▼

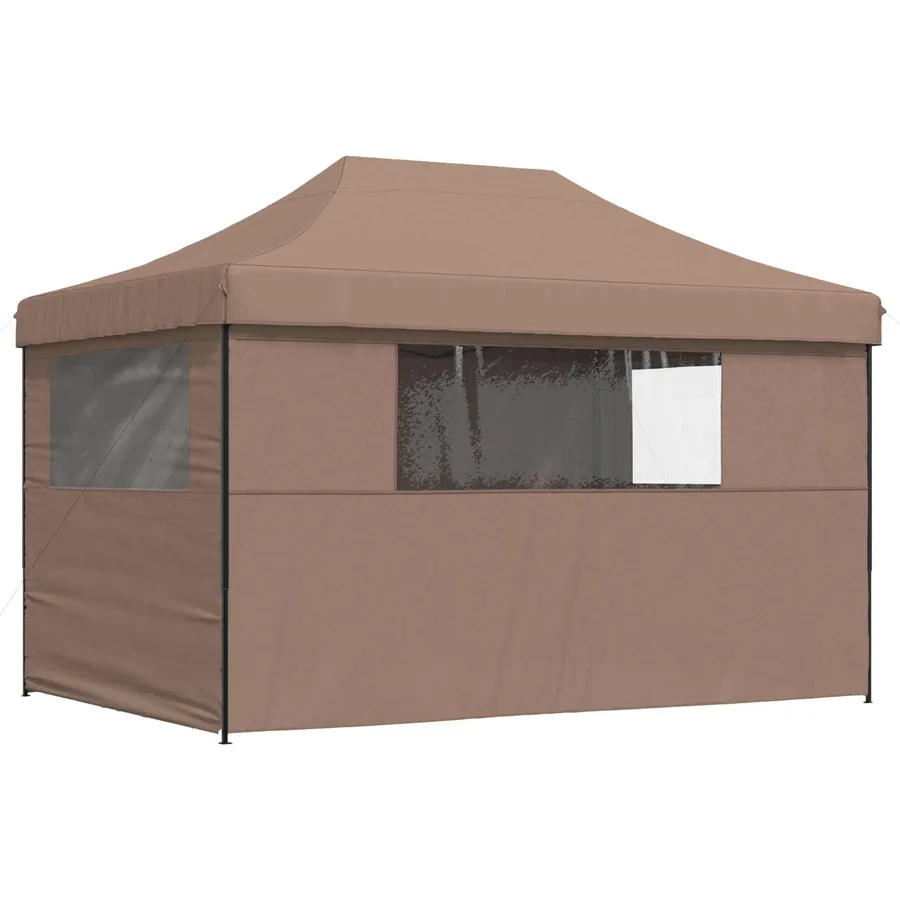Tente de fête Marron 279 x 410 x 315 cm Tissu Oxford - 7
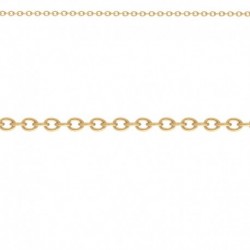 CHAINE ACIER DORE GOURMETTE MAILLE DIAM 2,20 LONG 45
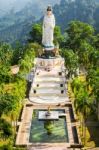 Goddess Of Mercy Known As Quan Yin Or Guan Yin Or Guan Yim Stock Photo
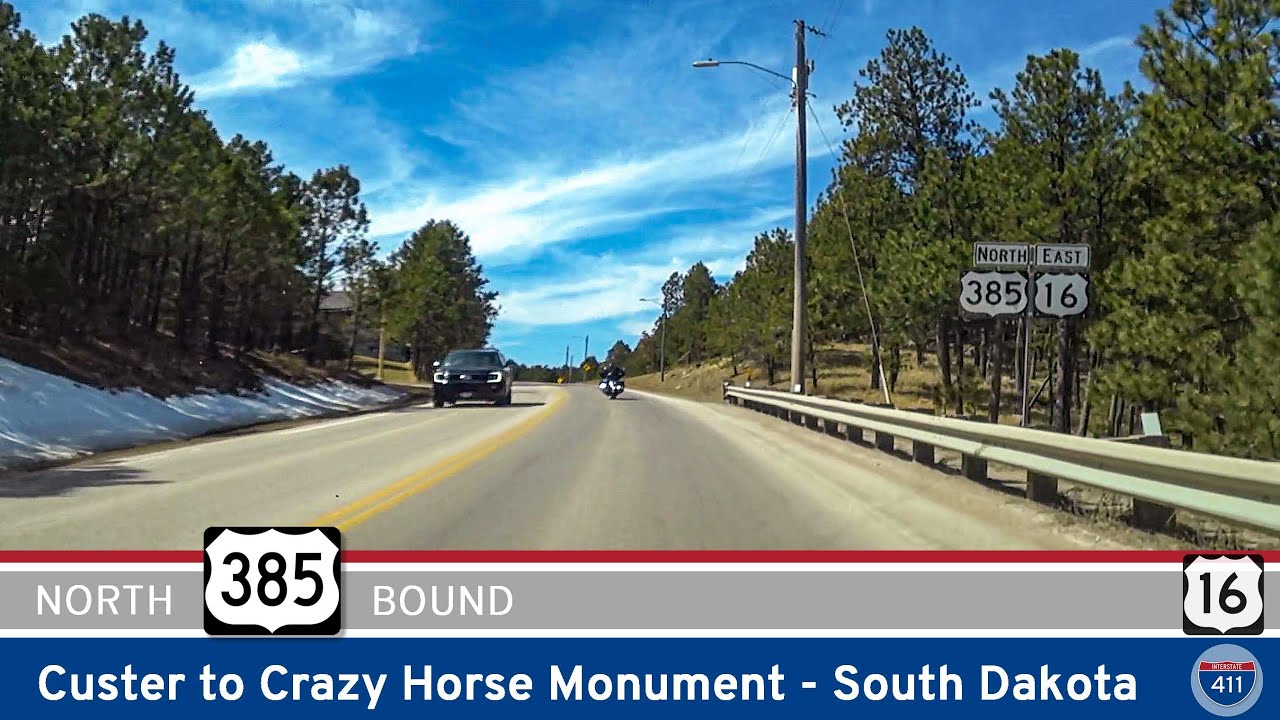 U.S. Highway 385: Custer to Crazy Horse - South Dakota |  Drive America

▲

Each line from the one holding "CHAINE ACIER DORE" through the end of the listing is to be output exactly, both ends included, with no other lines and the pictures left out.

 CHAINE ACIER DORE GOURMETTE MAILLE DIAM 2,20 LONG 45
 Goddess Of Mercy Known As Quan Yin Or Guan Yin Or Guan Yim Stock Photo
 U.S. Highway 385: Custer to Crazy Horse - South Dakota |  Drive America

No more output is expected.